Podcast: Tomorrow’s Cure, Mayo Clinic
Date: February 4, 2026
Host: Kathy Werzer
Guests:
This episode brings together leading voices in cardiovascular health and obesity to explore the US heart disease epidemic, focusing on the intertwined roles of behavior, biology, access, and innovation. The panel discusses new research, disparities, the promise of personalized prevention, and future visions—including “food as medicine”—to combat rising rates of obesity and heart disease.
“You realize that whatever your baseline risk level is based on genetics, you can lower it by ... changing people's behavior to embrace healthier lifestyles.” ([04:08], Dr.

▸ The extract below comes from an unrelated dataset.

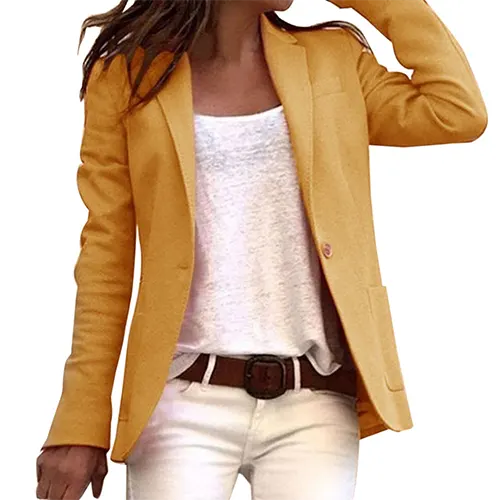 Damesblazer met Lange Mouwen Casual Stijl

Kevin Volpp)
“People don’t wake up every day saying, ‘I think I’ll live an unhealthy lifestyle so I can die early.’ ... Health buys them the ticket to everything else they want in life.” ([06:29], Nancy Brown)
“The most important thing is understanding the biology ... what’s driving them to overeat or to not burn enough calories ... there’s an underlying treatment.” ([15:28], Dr. Andres Acosta)
“We can now say, give me a prescription for healthy food. Five years ago that would have been inconceivable.” ([21:34], Dr. Andres Acosta)
“Gaining health can happen at any time. For all of us. It doesn’t matter the age.” ([27:17], Dr. Andres Acosta)
“I would love in the future to have that diagnostic test ... [telling you] ‘you need to eat this diet, these things here’ ... personalized precision medicine.” ([34:54])
“If there’s one thing you want to do for your health ... just drink less sugary beverages.” ([37:44])
A focused, informative, and hopeful look at how individualized care, smarter food policy, and scientific innovation could finally put a dent in America’s most stubborn public health crisis.